The reason Crosby’s June 6 death was mostly ignored is that his band seemed corporate and fake and pedestrian; the reason Ramone’s June 5 death will be remembered is that his band was seen as representative of a counterculture that lacked a voice. But the contradiction is that countercultures get endless media attention: the only American perspectives thought to have any meaningful impact are those that come from the fringes. The voice of the counterculture is, in fact, inexplicably deafening. Meanwhile, mainstream culture (i.e., the millions and millions of people who bought Ratt albums merely because that music happened to be the soundtrack for their lives) is usually portrayed as an army of mindless automatons who provide that counterculture with something to rail against. The things that matter to normal people are not supposed to matter to smart people.

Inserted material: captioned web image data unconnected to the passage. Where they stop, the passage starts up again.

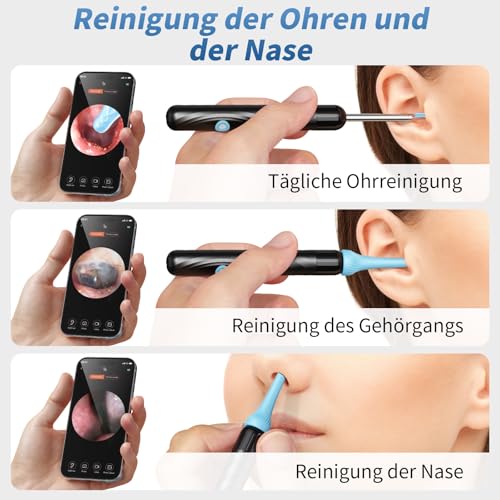 Qimic Ohrenschmalz Entferner Otoskop, WiFi Ohrreiniger, IP67 Wasserdicht und 360°-Weitwinkel Otoskop Kamera mit 6 LEDs für Erwachsene, Kinder und Haustier, Schwarz
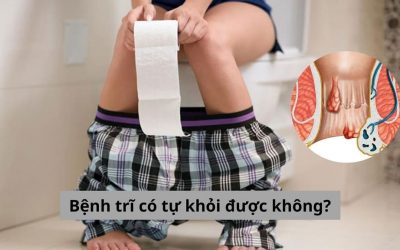 [Giải đáp] Thực hư vấn đề bệnh trĩ có tự khỏi được không?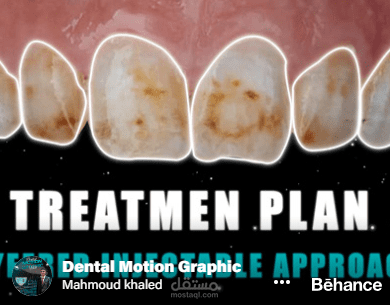 Porcelain dreams, Composite reality A minimally invasive smile revival, dental motion graphic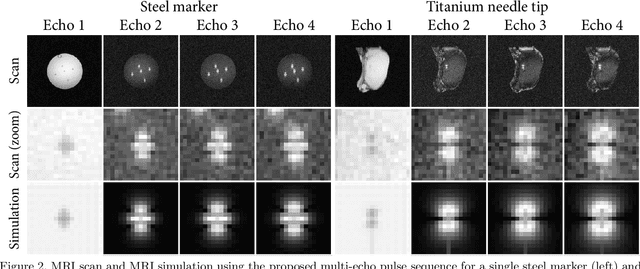 Figure 2 for SMART tracking: Simultaneous anatomical imaging and real-time passive device tracking for MR-guided interventions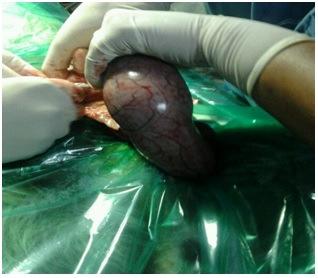 And Suresh Kumar, R.V. (2014). Successful Management of a Critical Case of Pyometra in a Bitch. A Case Report. Research Journal of Animal, Veterinary and Fishery Sciences,2(8): 21-23. [11] Okano, S.
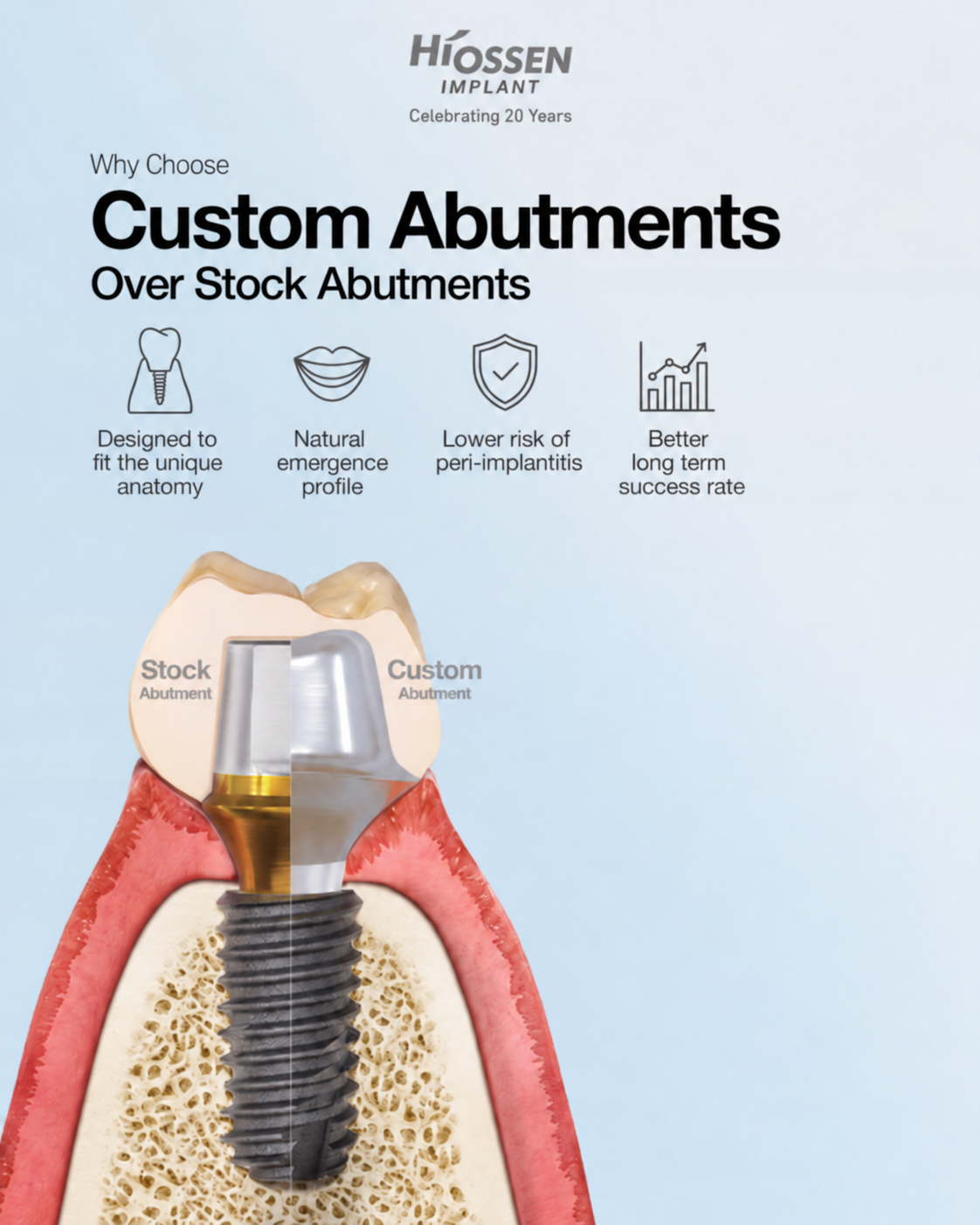 Hiossen illustration comparing stock and custom abutments and describing its implant crown service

Now, I know what you’re thinking; you’re thinking I’m overlooking the obvious, which is that the Ramones made ”good music” and Ratt made ”bad music,” and that’s the real explanation as to why we care about Dee Dee’s passing while disregarding Robbin’s. And that rebuttal makes sense, I suppose, if you’re the kind of person who honestly believes the concept of ”good taste” is anything more than a subjective device used to create gaps in the intellectual class structure (emphasis mine – Karl). I would argue that Crosby’s death was actually a more significant metaphor than Ramone’s, because Crosby was the first major hair-metal artist from the Reagan years to die from AIDS. The genre spent a decade consciously glamorizing (and aggressively experiencing) faceless sex and copious drug use. It will be interesting to see whether the hesher casualties now start piling up. Meanwhile, I don’t know if Ramone’s death was a metaphor for anything; he’s just a good guy who died on his couch from shooting junk. But as long as you have the right friends, your funeral will always matter a whole lot more.

Long live The Ramones. Long live Ratt n’ Roll. Down with fuckin’ elitism.